For legal reasons this is my house. And it’s definitely in the USA. Where I definitely am.

Now that we’ve cleared that up, let’s talk about Second Contact. The episode begins with a scene that was a big part of the show’s marketing, appearing in two of the pre-release trailers. This was the scene with Ensign Boimler recording his pretend “captain’s log” in a closet. While this wasn’t new for me and was less interesting as a result, it was a good way to set up the premise of the show for new viewers and for those who skipped the trailers, and the scene as a whole was funny – even though some of the impact of the humour was blunted by having already seen it a couple of times.

Ensign Mariner interrupts Boimler’s log, having got drunk on “Romulan whiskey”, which looks a lot like Romulan ale.
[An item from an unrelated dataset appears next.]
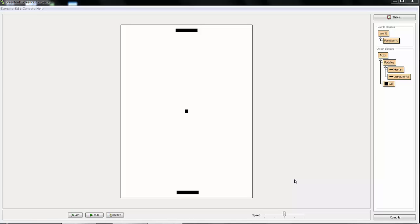Let's continue working on our Pong game by adding a scoreboard to keep score. Keeping score is kind of a long process for Pong, so I'm splitting this section into two screencasts. The first half will show you just how to put text on the screen, and the second half will show you how to keep score and keep track of points.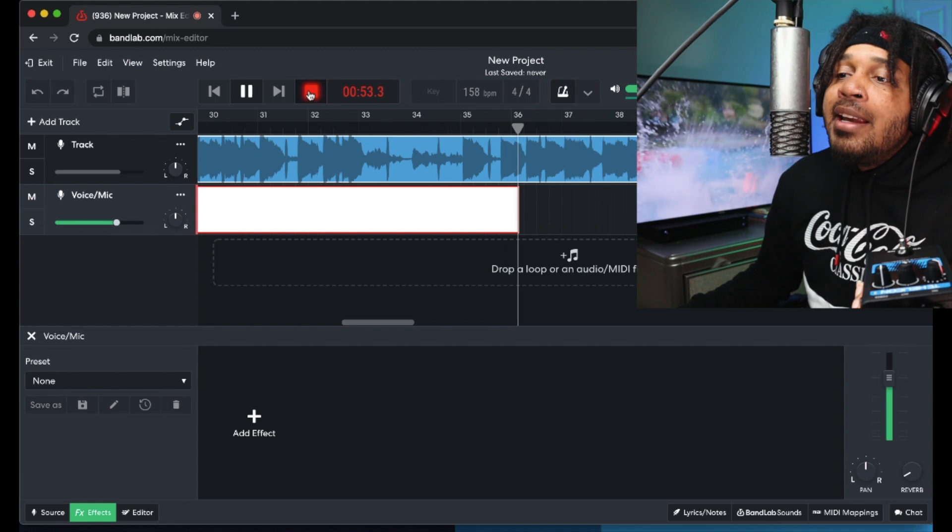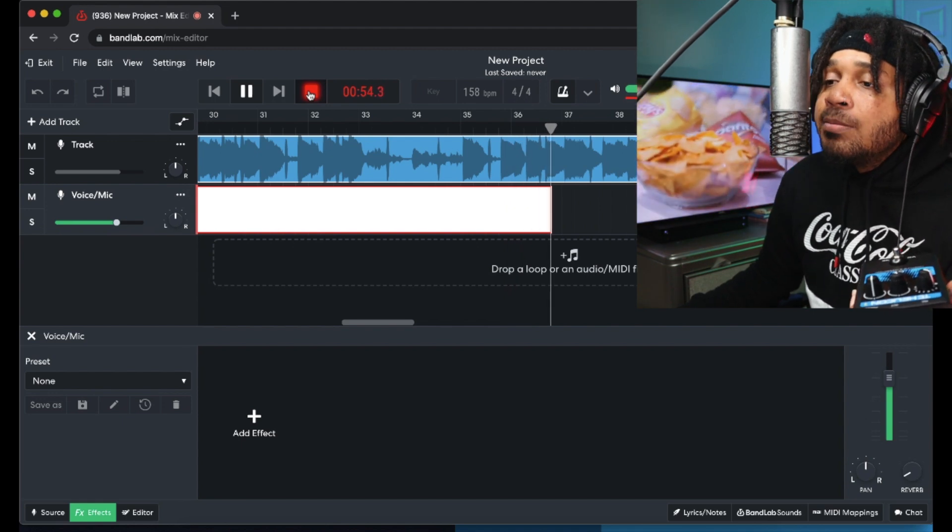Using autotune in BandLab on a computer. Hi, what's good YouTube, it's your boy Jordan. In today's video I'm gonna be showing you how to use autotune in BandLab on a computer. This works for Mac and PC as long as you can access this online. There are two ways that I know — one is very expensive and the other one costs like $120-$150.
She teases him for wasting time with a pretend log, and while showing him a Batleth that she found, accidently cuts his leg.
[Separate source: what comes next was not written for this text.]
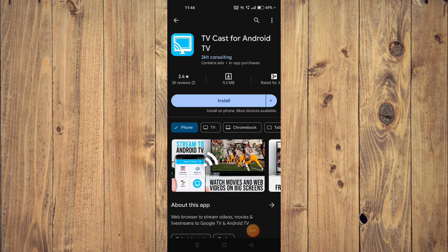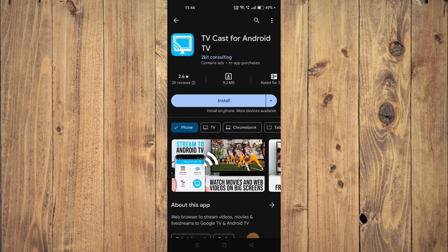Hello and welcome back to my channel. In today's video, I will show you how to fix TV Cast for Android TV if it's not working on your mobile phone. For that, you have to open your Play Store.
Mariner and Boimler in the closet.

After this scene came the title sequence. I enjoyed the music; it’s much more up-tempo and adventurous than either the Discovery or Picard themes have been, which is nice. It’s a piece of music that could have been played over the opening titles for The Next Generation and would have fit right in. Interestingly – and I was not expecting this – the title sequence uses The Next Generation’s font for the names of characters and actors, and that was a fun little bit of nostalgia for returning fans.

Before we go any further with Second Contact, let’s talk about returning fans, Trekkies, and people like myself who are longstanding fans of the Star Trek franchise. In some ways, Lower Decks is trying to target that demographic. But there are certainly going to be Trekkies who are turned off by the style of humour. While I’d argue that there is a good degree of crossover between fans of Star Trek and fans of comedy series like Rick & Morty, the two groups aren’t one and the same and there will be fans who, having seen Second Contact, will decide that Lower Decks isn’t a show for them.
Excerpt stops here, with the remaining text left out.